• _Exercise aim_
Within the entries below, find the portion that opens with the line containing "Thumbnail of 2026 Onyx Black GMC Canyon" and closes with the line containing "Image 27 of 75 For 7457 Marker Avenue". Retype that portion exactly and only.

___ Given records ___

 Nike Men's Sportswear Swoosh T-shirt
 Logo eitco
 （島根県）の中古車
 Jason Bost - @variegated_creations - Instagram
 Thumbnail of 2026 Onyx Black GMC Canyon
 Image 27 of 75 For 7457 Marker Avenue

___
___ Given records ___

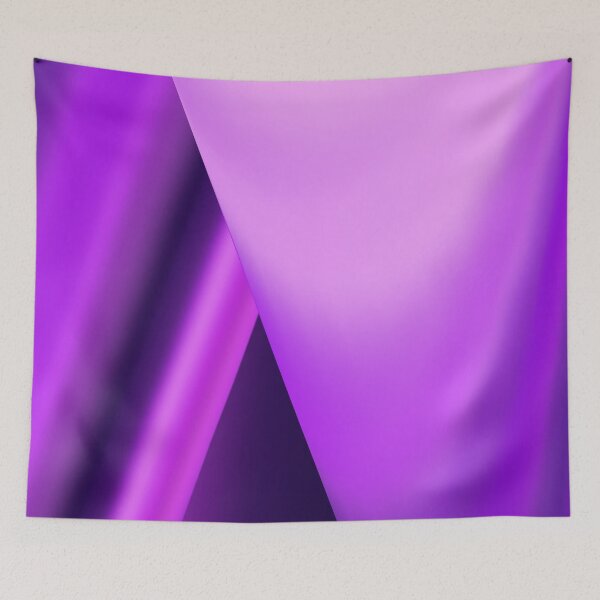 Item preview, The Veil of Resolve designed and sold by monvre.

___
___ Given records ___

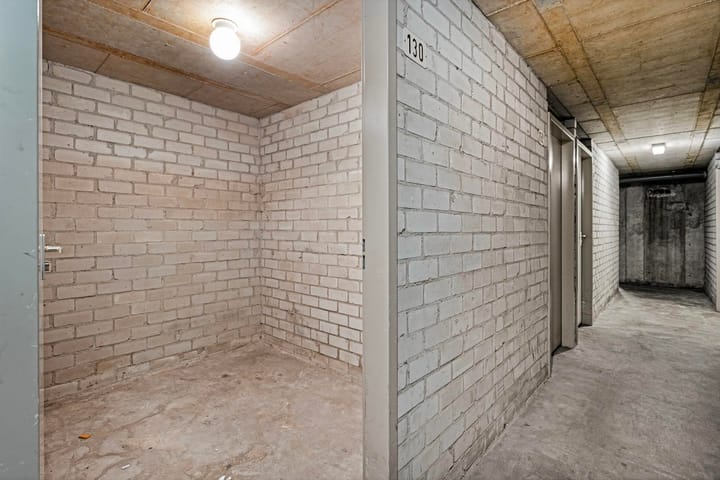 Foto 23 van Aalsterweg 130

___

• _Exercise answer_
 Thumbnail of 2026 Onyx Black GMC Canyon
 Image 27 of 75 For 7457 Marker Avenue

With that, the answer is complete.